Science

Trump Supporters Refuse to Believe Their Own Eyes

They still think Trump’s inauguration crowds were bigger, despite the evidence. Here’s why.

Inauguration comparison
Which has more people? The answer may not be obvious to everyone.

Reuters staff/Reuters

The most frightening part of the otherwise ridiculous story about Donald Trump’s inauguration crowd size is not whether he believes his lie that his crowd was the biggest ever. It’s that a portion of his supporters bought it—and seem to still support it even when directly presented with photographic evidence to the contrary.

Brian Schaffner and Samantha Luks asked 1,388 Americans questions about inauguration crowd sizes after showing participants two pictures—one from Obama’s 2009 inauguration and one from Trump’s. They asked half of the participants which (unlabeled) photo was from which inauguration and found that 41 percent of Trump supporters picked wrong. That was not terribly surprising. But the question they asked the second half of participants revealed something scary: They asked these people to just assess which photo showed more people. A full 15 percent of Trump supporters said his inauguration displayed more people, despite looking at direct photographic evidence to the contrary. (Read the researchers’ full write-up in the Washington Post.)

In the analysis of the research, the authors suggest that Trump supporters don’t actually believe the photo of his inauguration shows more people. “If there were no political controversy,” they write, “any respondent would see more people” in the Obama inauguration picture. Instead, Trump supporters are engaging in “expressive signaling,” where people purposely give the wrong answer as an ideological gesture.

There’s actually good reason to think that at least some Trump supporters really do believe there are more people in Trump’s inauguration photo. In the landmark 1956 sociological study, When Prophecy Fails, Leon Festinger, Henry Riecken, and Stanley Schachter join an apocalyptic UFO cult. When the prophesied time comes and goes, the cult members do not lose faith. Instead, they came up with an alternative explanation—God saved the world thanks to their work—and continued to preach their message with even greater vigor. The same thing happened in 2011 with doomsday prophet Harold Camping, whose followers eagerly awaited the end of the world on May 21, despite Camping’s repeated failures in the past.

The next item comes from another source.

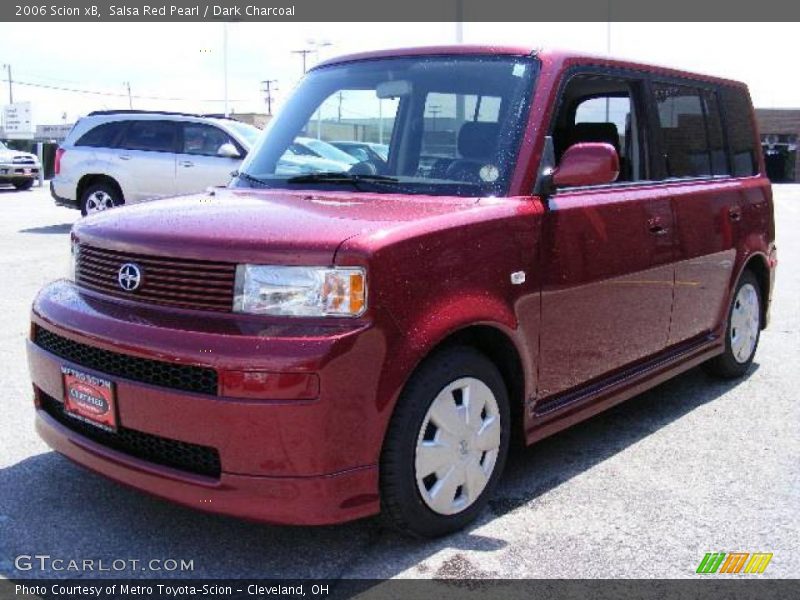 Salsa Red Pearl / Dark Charcoal 2006 Scion xB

Trump and his vision actually have a lot in common with UFO-enthusiast cults. They’re both charlatans, selling snake oil. His appeal lies in the salvific vision he has sold to his supporters, a compelling narrative of paradise past, the fallen present, and a glorious future. For his followers, it is essential to reinterpret apparent facts so they fit this narrative—otherwise they lose the hope it provides and the dignity they’ve invested in its truth.

I’ve made this argument before. And here’s one major problem with charlatans:

The process of embracing a charlatan’s empowering vision is not rational, which means that rational arguments are unlikely, in isolation, to dispel it. Studies have repeatedly demonstrated that people cling tenaciously to their worldviews, and conflicting data may actually strengthen their beliefs. (Just look at this family who thinks Trump is “a man of faith who will bring Godliness back.”) To renounce Trump would mean admitting that one’s worldview—of a country wracked by carnage, as the president put it in his inaugural address, and a truth-telling hero who can heal it—is fundamentally mistaken. And that can also mean confronting existential panic without a panacea. It is much easier to forgive Trump for not locking her up than to wrestle with such truths.

It’s also much easier to convince yourself that a crowd is larger than it appears, particularly when the man you’ve put your faith in is arguing the same thing. And in the case of the photographs, it didn’t take much to come up with an explanation for the apparent discrepancy. Trump himself supplied it: Mainstream media manipulated both images to make it appear as if Obama’s had more. Trump even asked the National Park Service, which oversees the National Mall, for other aerial shots so that he could better assess the crowd sizes.

If Trump is really more like a false prophet than a political leader, we should expect his supporters to deny reality—not for the sake of expressive signaling, but because the coherence of their worldview depends on it. Once a false prophet has succeeded in gathering true believers, even doomsday can come and go without any repercussions, and the size of a crowd is whatever you want it to be. After all, that’s clearly how it works for Trump.